Print the line containing "Pomeranian Sahiplendirme |", then every line after it through the end of the material, exactly as written and without pictures.

Input:

-=-=-=-=-

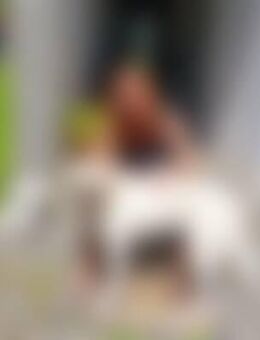 Mon*** - Bad Feilnbach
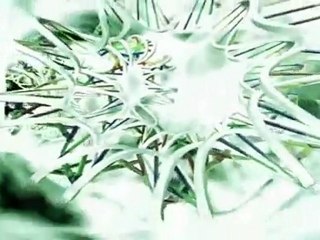 ru teaser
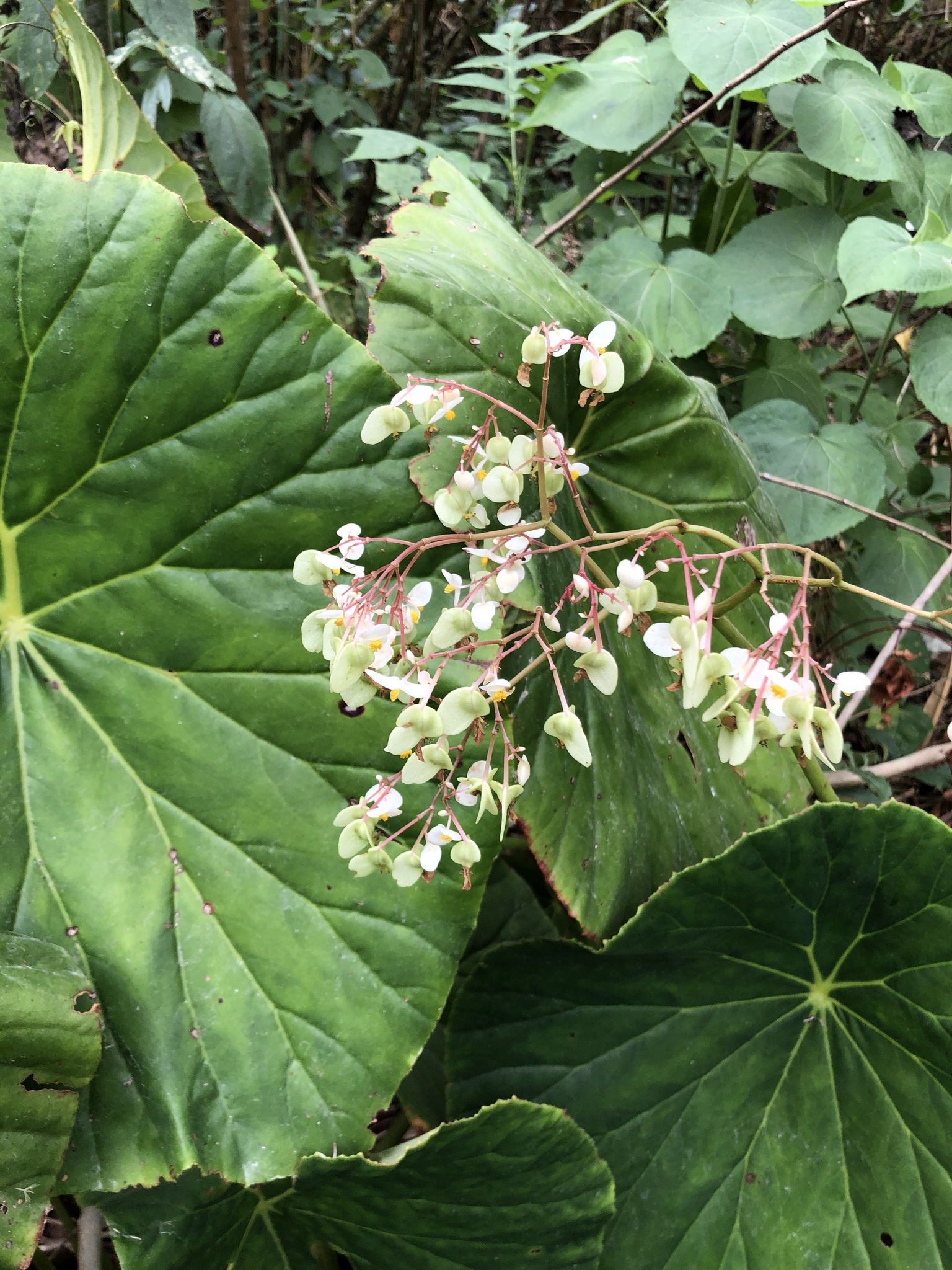 Begonia del Monte (Begonia nelumbiifolia) · Naturalista Costa Rica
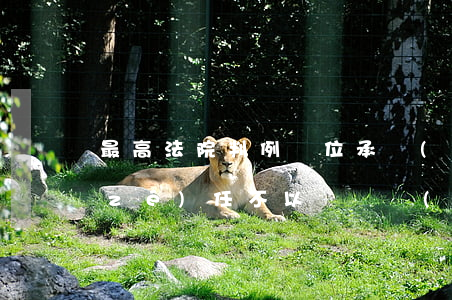 最高法院判例：單位承擔(dān)工傷責(zé)任不以勞動關(guān)系為前提（最新）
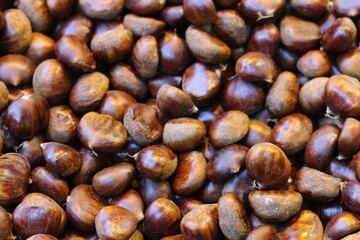 selective focus: chestnuts produced organically in Turkey	
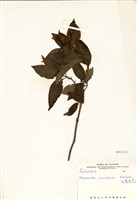 藏品(玉葉金花)的圖片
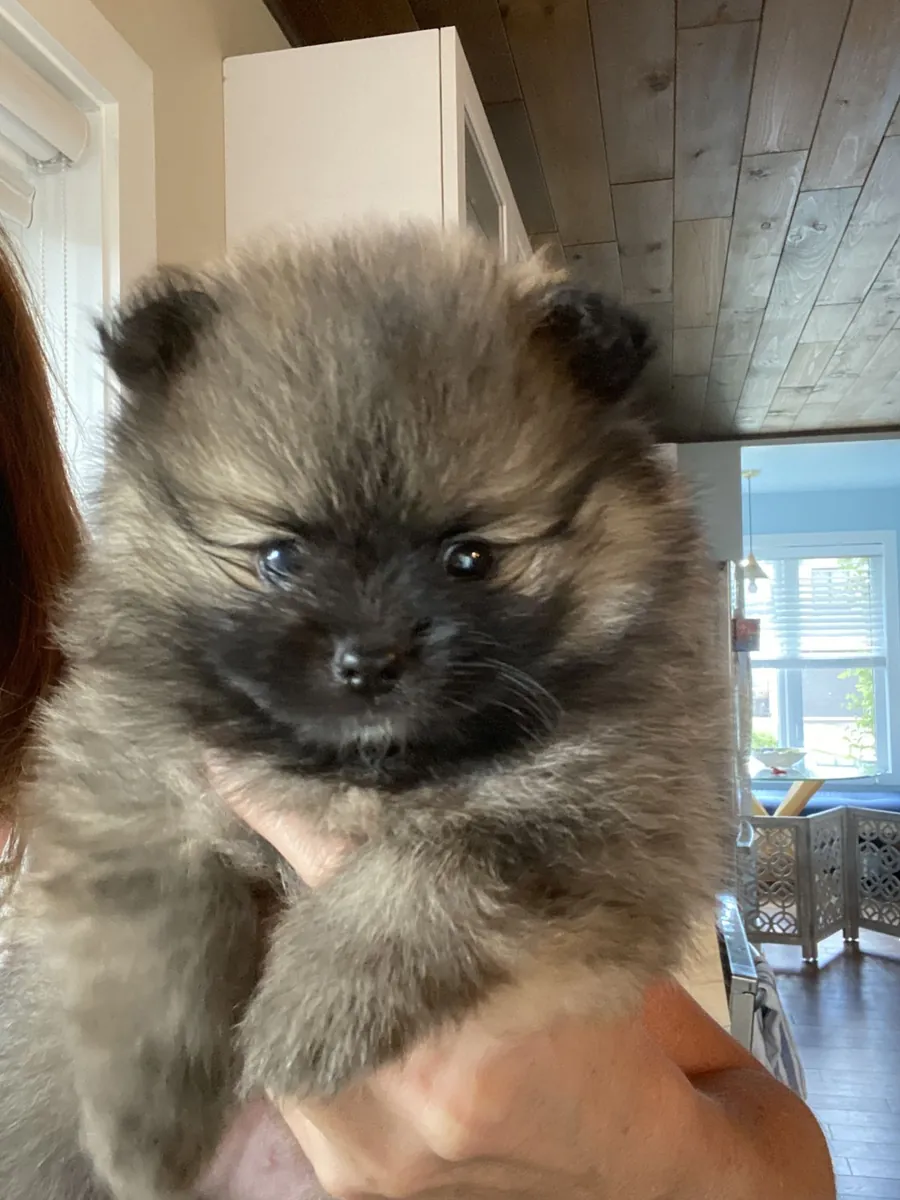 Pomeranian Sahiplendirme | Oyuncu Karakterli, Aile Yaşamına Uygun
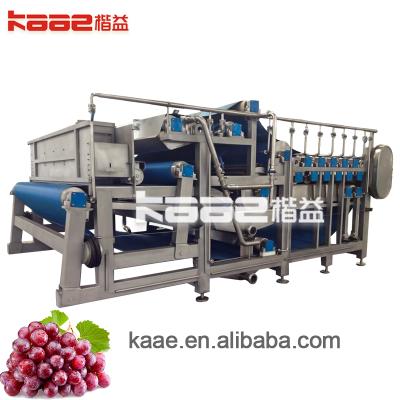 China Fruit Processing Plant Grape Concentrated Juice Production Line Wuxi Manufacturers for Direct Supply for sale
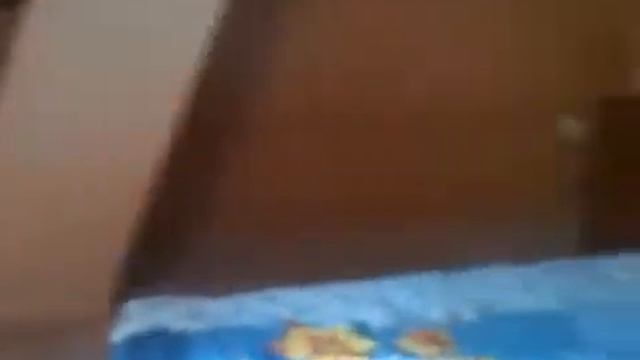 (0142) Совиньон. Недорогая часть дома посуточно у моря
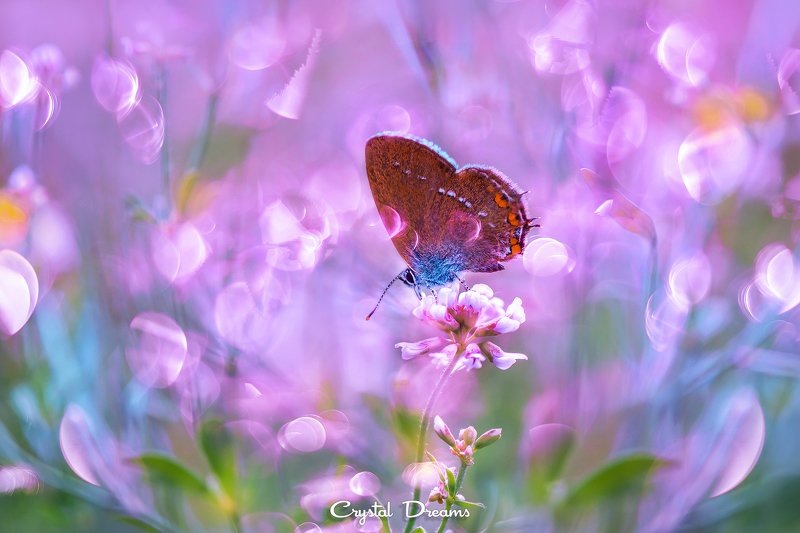 crystal dreams, macro, summer, color, art, nature, butterfly Meadow fairy talephoto preview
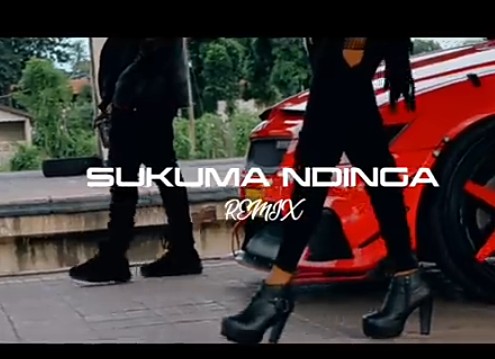 Rosa Ree - Sukuma Ndinga (Remix) Ft. Rayvanny Mp3 Audio Download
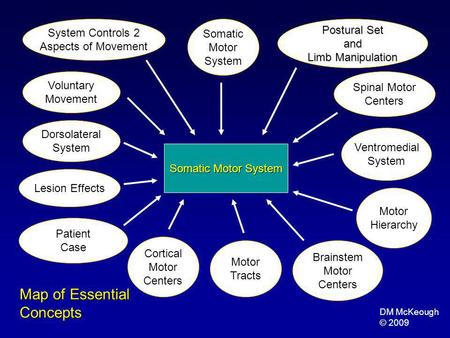 Map of Essential Concepts System Controls 2 Postural Set Somatic and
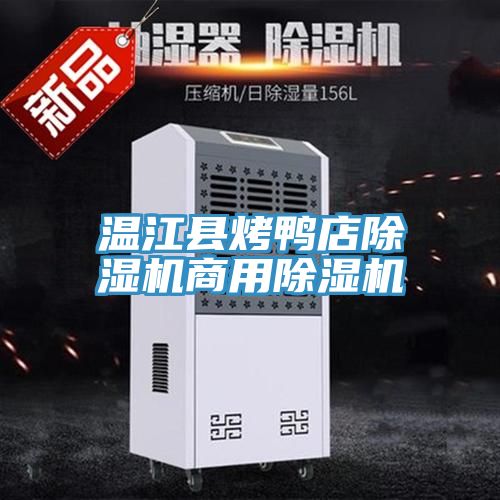 溫江縣烤鴨店91看片网站商用91看片网站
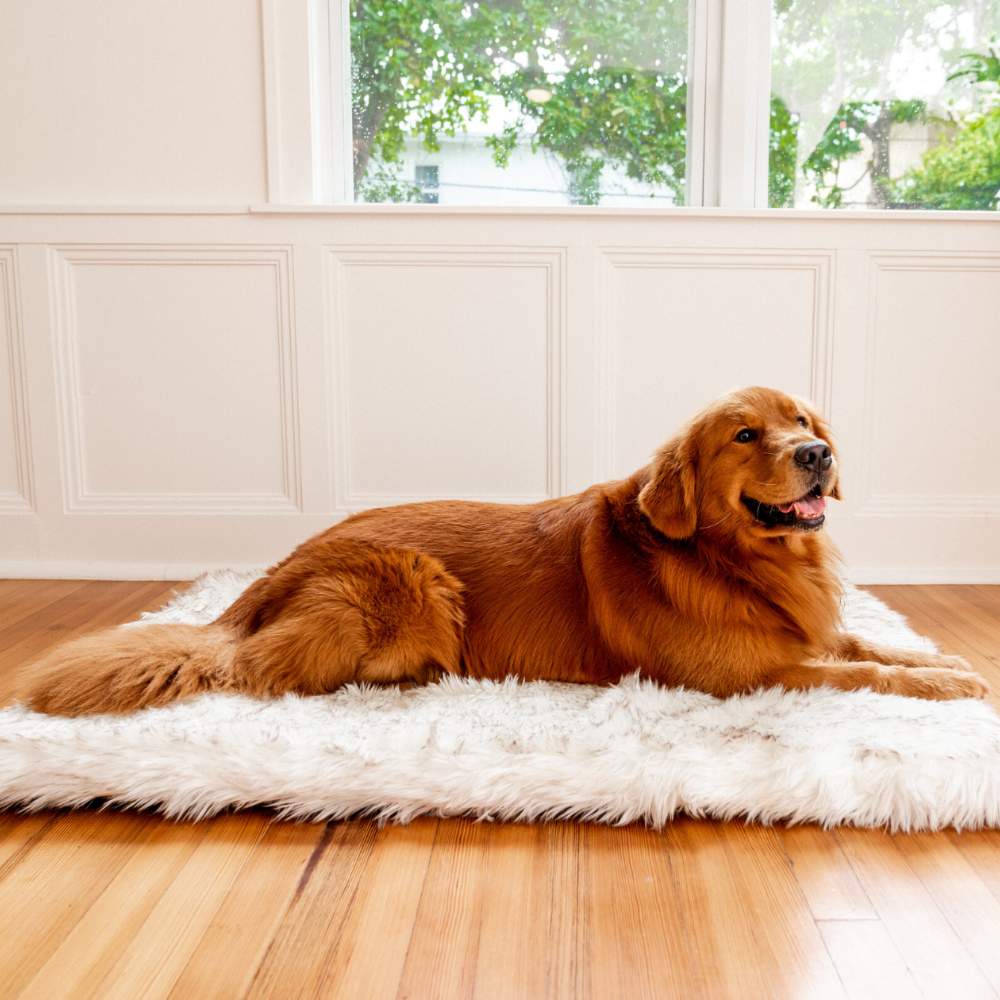 A golden retriever lying on a Rectangle White with Brown Accents Paw PupRug Faux Fur Orthopedic Dog Bed by a window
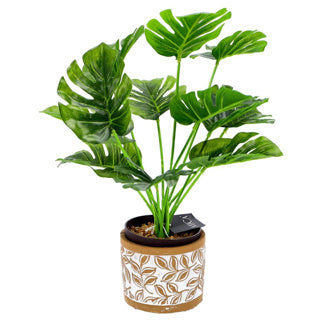 No brand pot olea cylinder bruin 11 cm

-=-=-=-=-

Worked solution:
 Pomeranian Sahiplendirme | Oyuncu Karakterli, Aile Yaşamına Uygun
 China Fruit Processing Plant Grape Concentrated Juice Production Line Wuxi Manufacturers for Direct Supply for sale
 (0142) Совиньон. Недорогая часть дома посуточно у моря
 crystal dreams, macro, summer, color, art, nature, butterfly Meadow fairy talephoto preview
 Rosa Ree - Sukuma Ndinga (Remix) Ft. Rayvanny Mp3 Audio Download
 Map of Essential Concepts System Controls 2 Postural Set Somatic and
 溫江縣烤鴨店91看片网站商用91看片网站
 A golden retriever lying on a Rectangle White with Brown Accents Paw PupRug Faux Fur Orthopedic Dog Bed by a window
 No brand pot olea cylinder bruin 11 cm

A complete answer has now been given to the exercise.